Azure is the cloud platform that underpins all of Microsoft’s cloud services, including Microsoft (MS)Teams. MS workloads run in Azure virtual machines (VMs), with their older services being deployed through Azure Cloud Services and the newer ones on Azure Service Fabric. MS’s primary storage stack is Azure Cosmos DB, with some services using Azure Blob Storage. MS counts on Azure Cache for Redis for increased throughput and resiliency. They leverage Traffic Manager and Azure Front Door to route traffic where they want it to be. MS uses Queue Storage and Event Hubs to communicate, and they depend on Azure Active Directory to manage their tenants and users.
MS Teams gives you the capability to add third-party apps through apps, bots, and connectors. This is where Teams thrives, its one app combines your contacts, conversations, phone calls, access to files, and 3rd-party applications, in a way that “just works”. Just saying, Dropbox absolutely is better than One Drive. Google Apps is better at collaboration than Microsoft’s Office apps. Asana is better than Planner. And, to be very clear, Slack is massively better than Teams at the chat. Teams by virtue of doing everything, even if mediocrely, the app is providing a whole lot that is greater than the sum of its parts, particularly for the non-tech workers that are in fact most of the market. This is a microservices environment at its best.
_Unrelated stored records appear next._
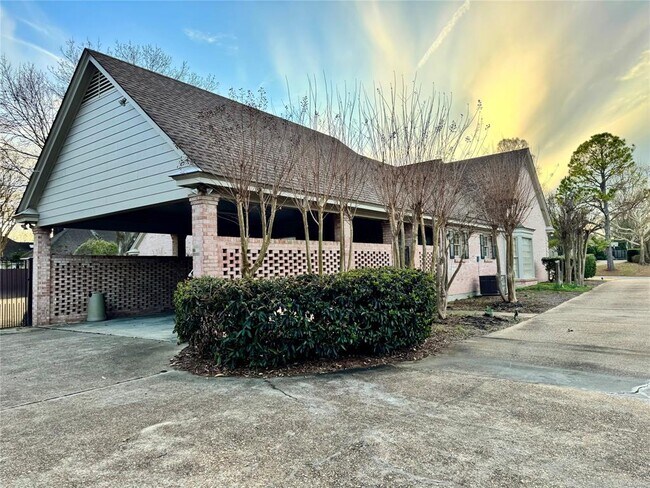 Building Photo - 2630 Aimee Dr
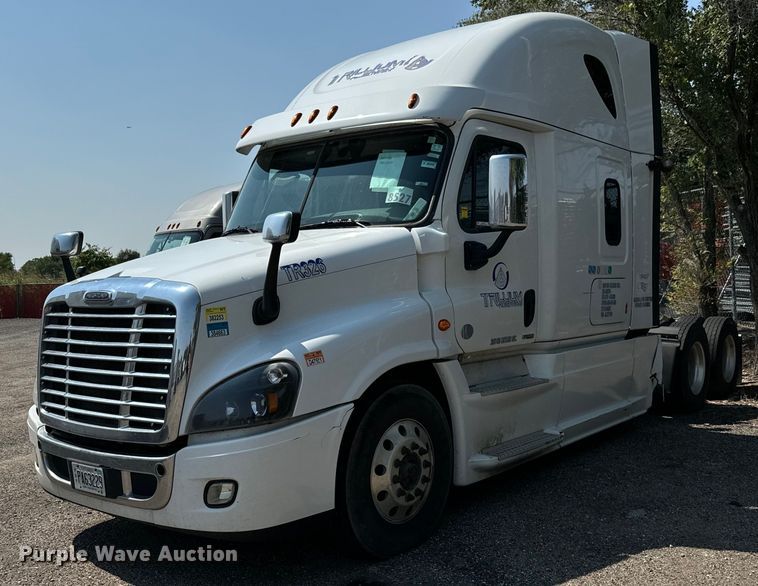 2018 Freightliner  Cascadia Evolution  semi truck - MV9120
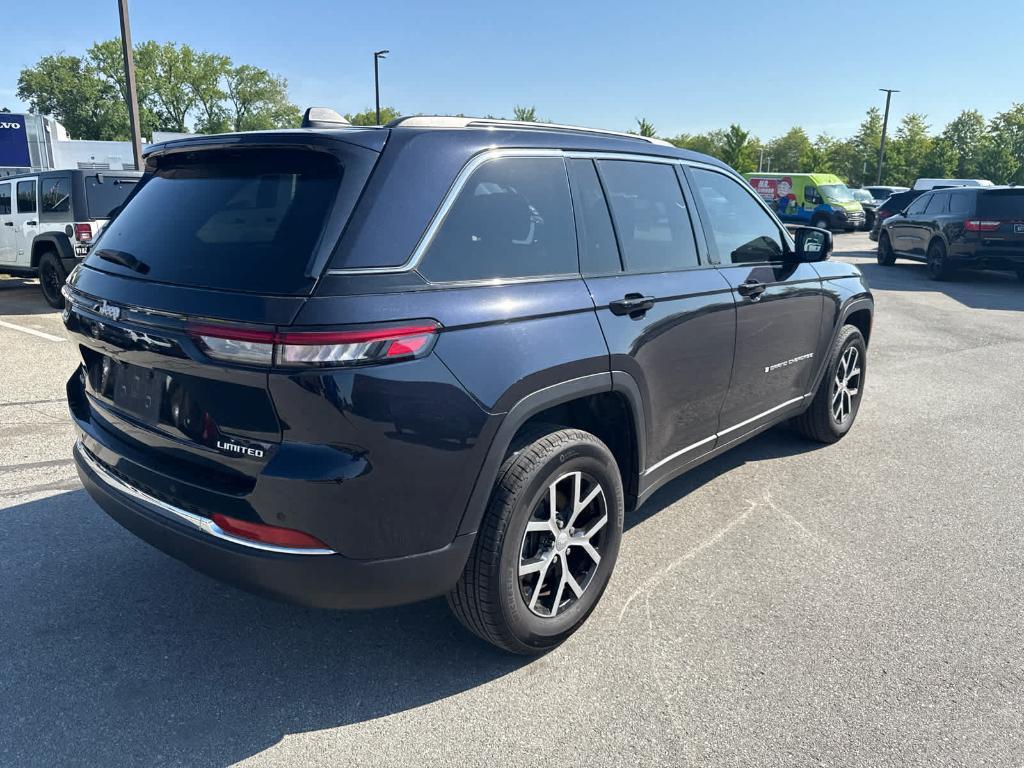 used 2024 Jeep Grand Cherokee car, priced at $36,994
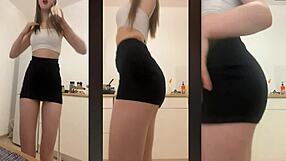 Beautiful webcam performer dances hot sexy dance routine
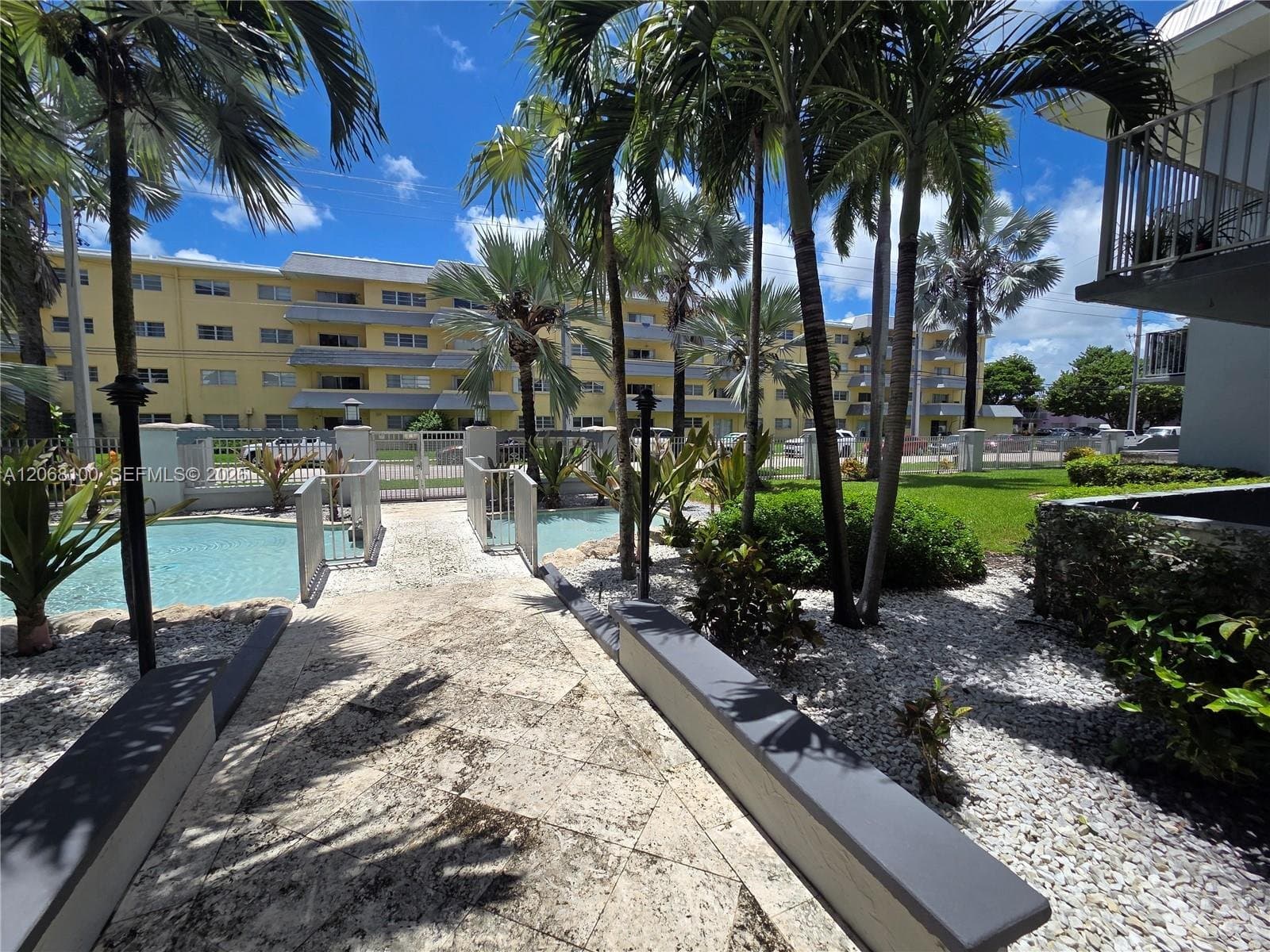 Miami Condo: 7401 SW 82nd St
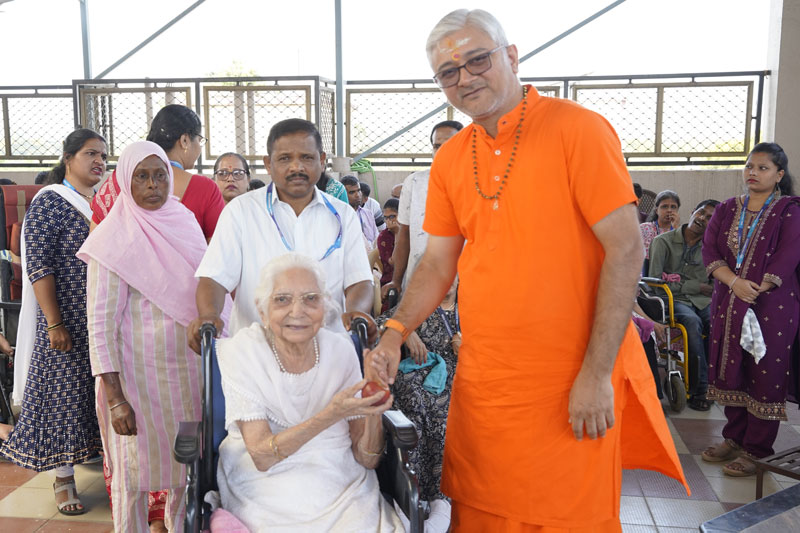 A Blessed Visit by Swamiji to Airoli Centre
Microservices do not mean the end of pain points, there are challenges
The grass is always greener on the other side. It’s not all hunky-dory with microservices. It comes with its own set of challenges
We ended up with so many different languages and frameworks that the application became hard to maintain. It would have been useful to put some project-wide standards in place, without overly restricting teams’ flexibility.
Lack of data integrity
Each microservice is responsible for its own data persistence. As a result, data consistency can be a challenge. Embrace eventual consistency where possible.
Deployment and testing
Writing a small service that relies on other dependent services requires a different approach than writing a traditional monolithic or layered application. Existing tools are not always designed to work with service dependencies. Refactoring across service boundaries can be difficult. It is also challenging to test service dependencies, especially when the application is evolving quickly
Why PMs should be concerned about Microservices vs Monolith debate?
The product manager is responsible for building a product that is scalable and reliable. As a PM you cannot build a scalable product if the core architecture is stopping you. I am not saying you need to be a technical expert by selecting a microservice environment or a monolith. But you definitely need to understand the core differences between the two so that you are able to make the right decisions for your product and company. These decisions will be made by developing trust between engineering, architecture, and product to come to the table and talk openly about scalability and reliability challenges. Having said that, the PM is not responsible for making these decisions, it’s the engineering or the architecture team’s job.
These are hard decisions and it is always better to table them early in the product journey. Ask the right questions at the right time can prevent delays and also helps be cost-effective. The reason big tech is able to complete the build and scale the products quickly is that they make these critical decisions fast and without organizational politics.
As a PM it’s important to educate ourselves on the technical aspects of product development as well.